Four Britons are on course to reach Cape Town this week after cycling 6,000 miles from Cairo to watch the World Cup. They might have crossed paths with Andrew Grady, who has hitchhiked to South Africa from London because flights were so expensive. But they could have taken an easier route. South African airline Kulula, who described themselves as "the unofficial national carrier of the you-know-what", were threatened with legal action by Fifa's marketing police so they apologised and offered the Fifa president Sepp Blatter free travel all over Africa. A couple from Cape Town have changed their dog's name to "Sepp Blatter" and blagged lots of flights. That's taking the lead.

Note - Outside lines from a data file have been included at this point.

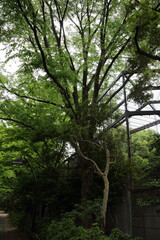 上野2015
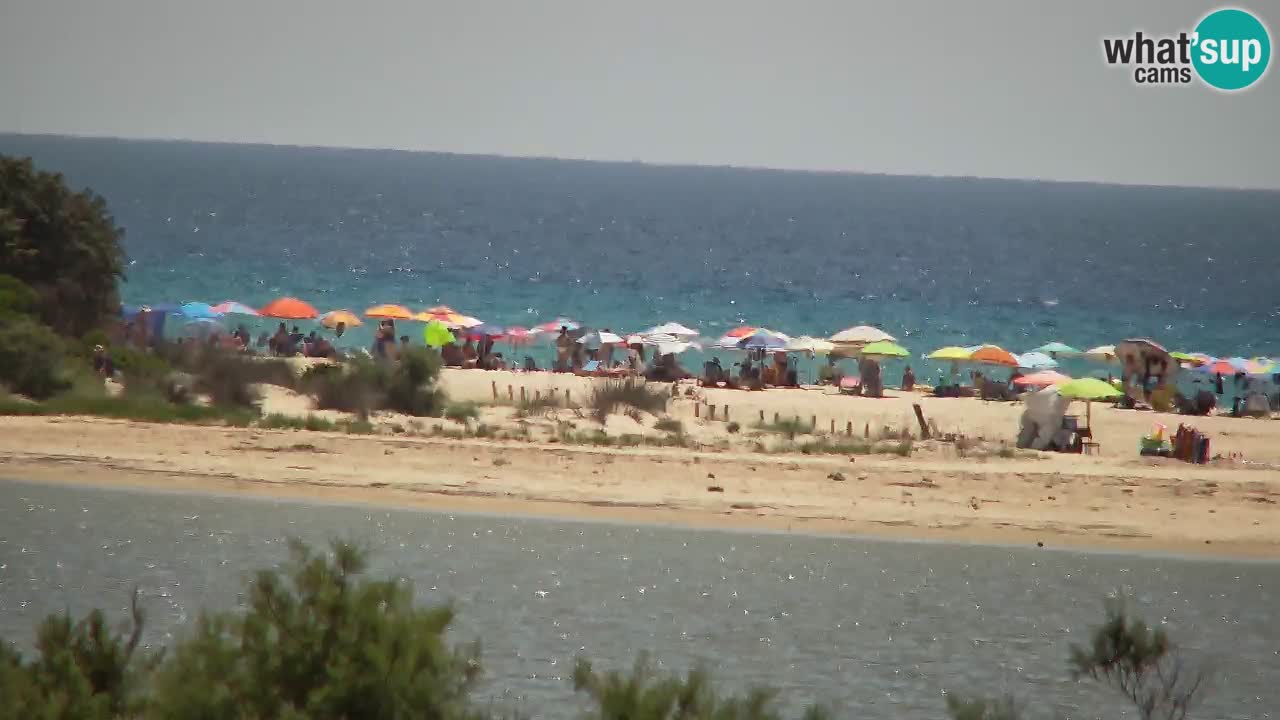 Webcam Chia – Live View of Su Giudeu Beach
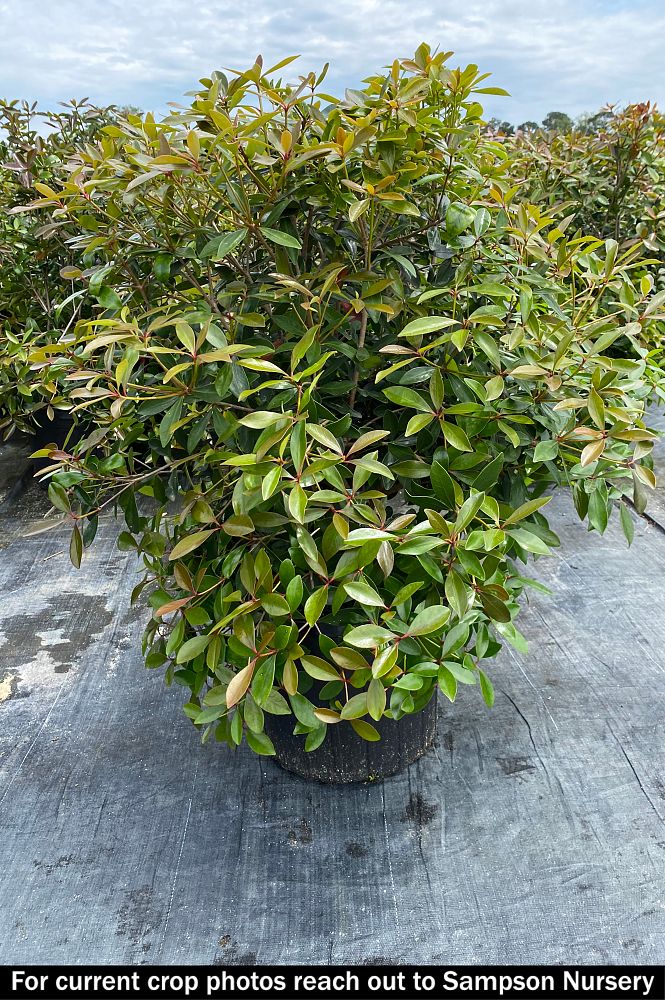 ternstroemia-gymnanthera-japanese-cleyera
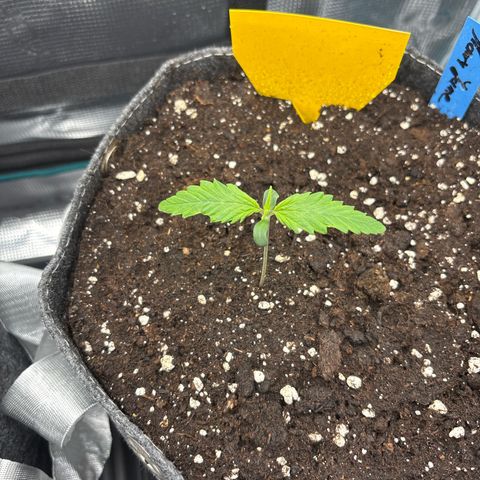 Mary Jane growlog timeline photo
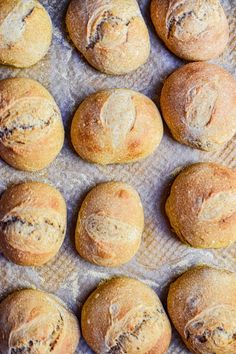 freshly baked bread rolls on a baking sheet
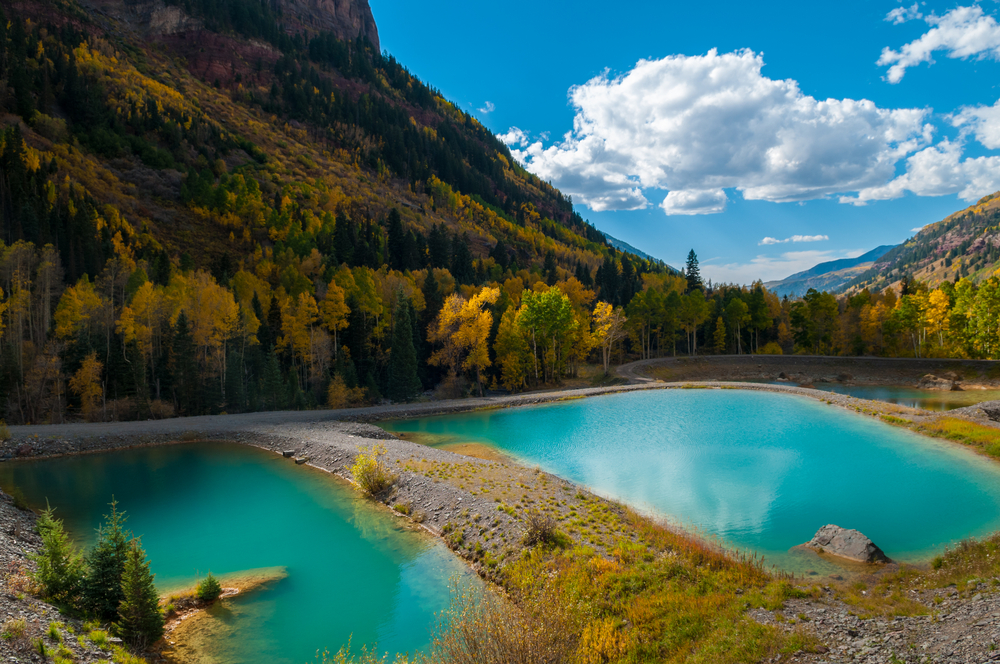 Best Telluride Airbnb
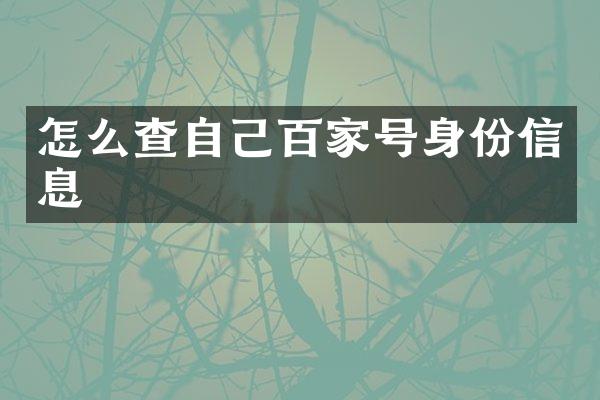 怎么查自己百家号身份信息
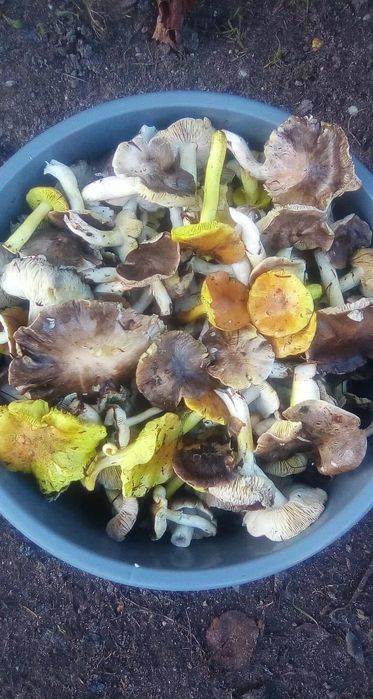 Sprzedam 10 kg grzybów podzielonki i opieńku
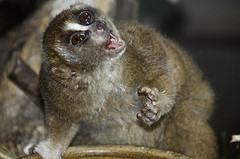 Slow Loris - Nycticebus coucang - Melaka Zoo - 2009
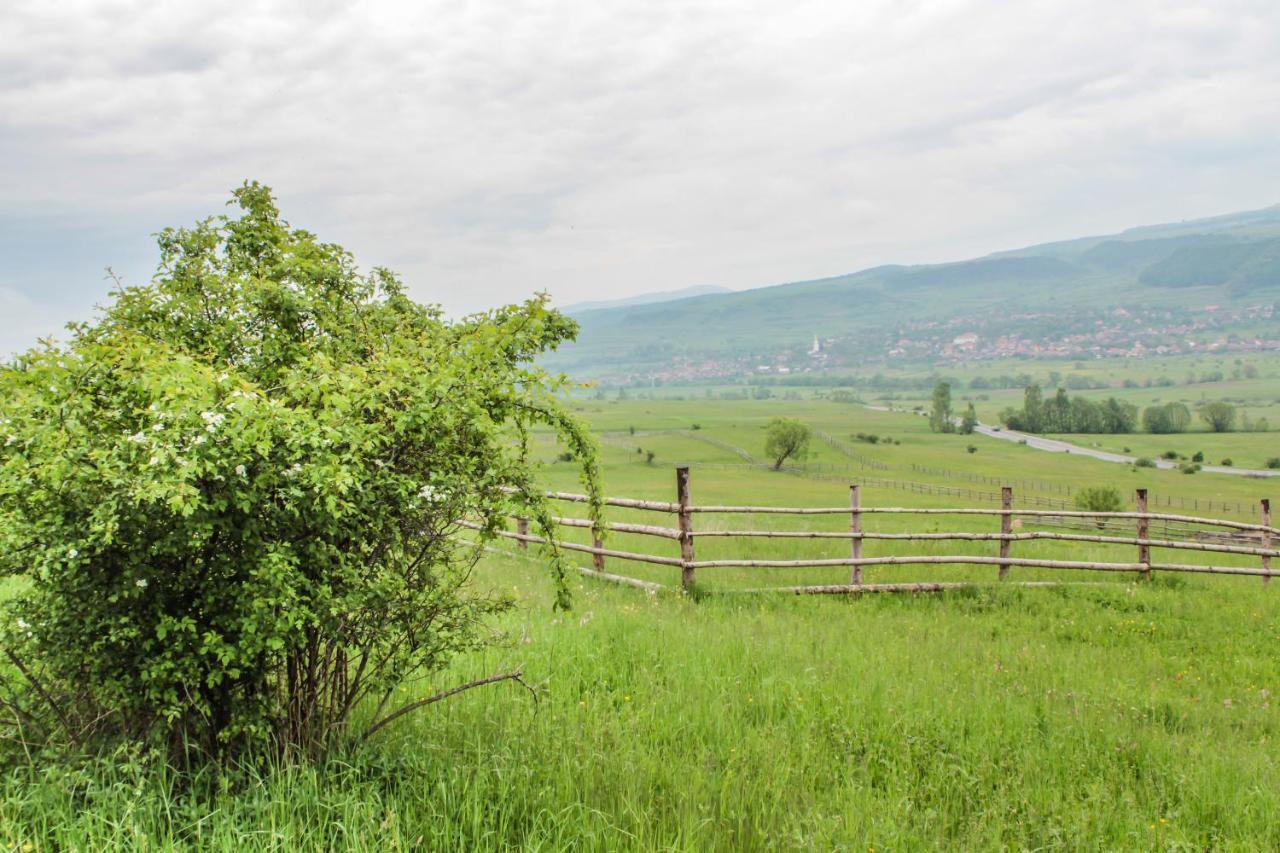 Mano Kulcsoshazak Villa Praid Buitenkant foto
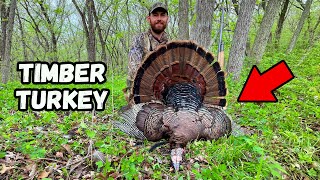 BIG WOODS Turkey Hunting  Gobblers who go the OTHER WAY [upl. by Romain]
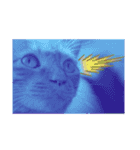 わりと使いやすい猫（個別スタンプ：11）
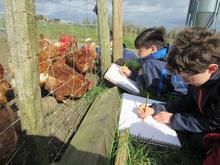 Arts Activity Week at Wick Court Farm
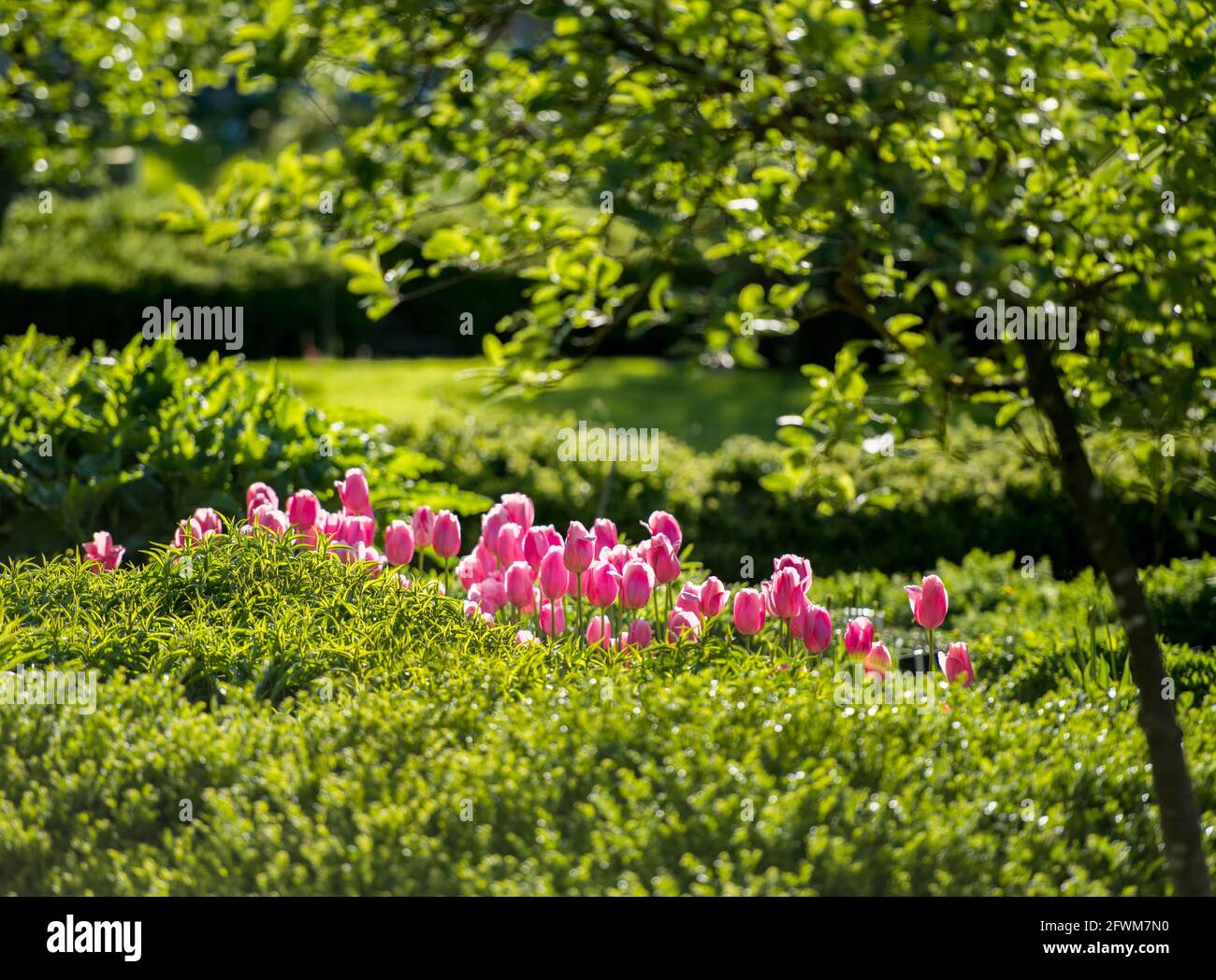 tulipani rosa nell'idilliaco giardino, luce della sera, magia Foto Stock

Hours and minutes that German Daniel Peetz ironed – flat out – to set a world record in Rheinberg. But Brits still hold the record for underwater ironing after a challenge in the Florida Keys was postponed due to storms. So there.
Grudge match of the week
This World Cup has shown that you need a good defence, with all the Fifa writs flying around. France didn't have one but the malaise goes back a long way. David Ginola finally snapped this week and said he would sue Gérard Houllier after the former France manager yet again brought up on TV Ginola's poorly directed cross which allowed Bulgaria to score and qualify for USA 94 instead of the French. And a Chinese lawyer is going through the courts in Sichuan in an attempt to order the national team to qualify for the next World Cup. Chen Fengfeng believes that because the state pays their wages, they have a legal duty to take part in all major tournaments. This one could go to penalties.
Good week for
Charlene Wittstock, former South African Olympic swimmer is engaged to marry Prince Albert II of Monaco... Shahid Afridi, Pakistan cricketer, hit his 272nd six in One-Day Internationals, overtaking Sri Lankan Sanath Jayasuriya's record... and Sachin Tendulkar, Indian batsman, is given the honorary rank of group captain by the Indian Air Force.
Bad week for
Sir Steven Redgrave, former Olympic rower breaks two ribs, a wrist and a cheekbone after suffering a puncture 300 miles from the end of a 3,000-mile charity bike race in the US... BP, withdraws its range of World Cup face paints after four children fall ill in Lightwater, Surrey... and Gary Neville, footballer's proposed "Tellytubby" eco-friendly home in Harwood, Bolton is refused planning permission by the town council.
Dirty tactics of the week
Scottish football fans haven't had much to cheer about lately – possibly until around 5pm today – but after failing to qualify for the World Cup, they can at least look forward to this weekend's Swamp Soccer World Cup at Strachur in Argyll featuring 64 teams from around the world, among them Real Mudrid and Cowdungbeath. The French may not be very good at football any more but they might do well here; mud-slinging is a speciality. As is digging a big hole for themselves, so they could have tried the World Worm-Charming Championships in Willaston, Cheshire yesterday. The best method is to entice them up with vibrating forks; in fact you're not allowed to dig them up. Such soil sports.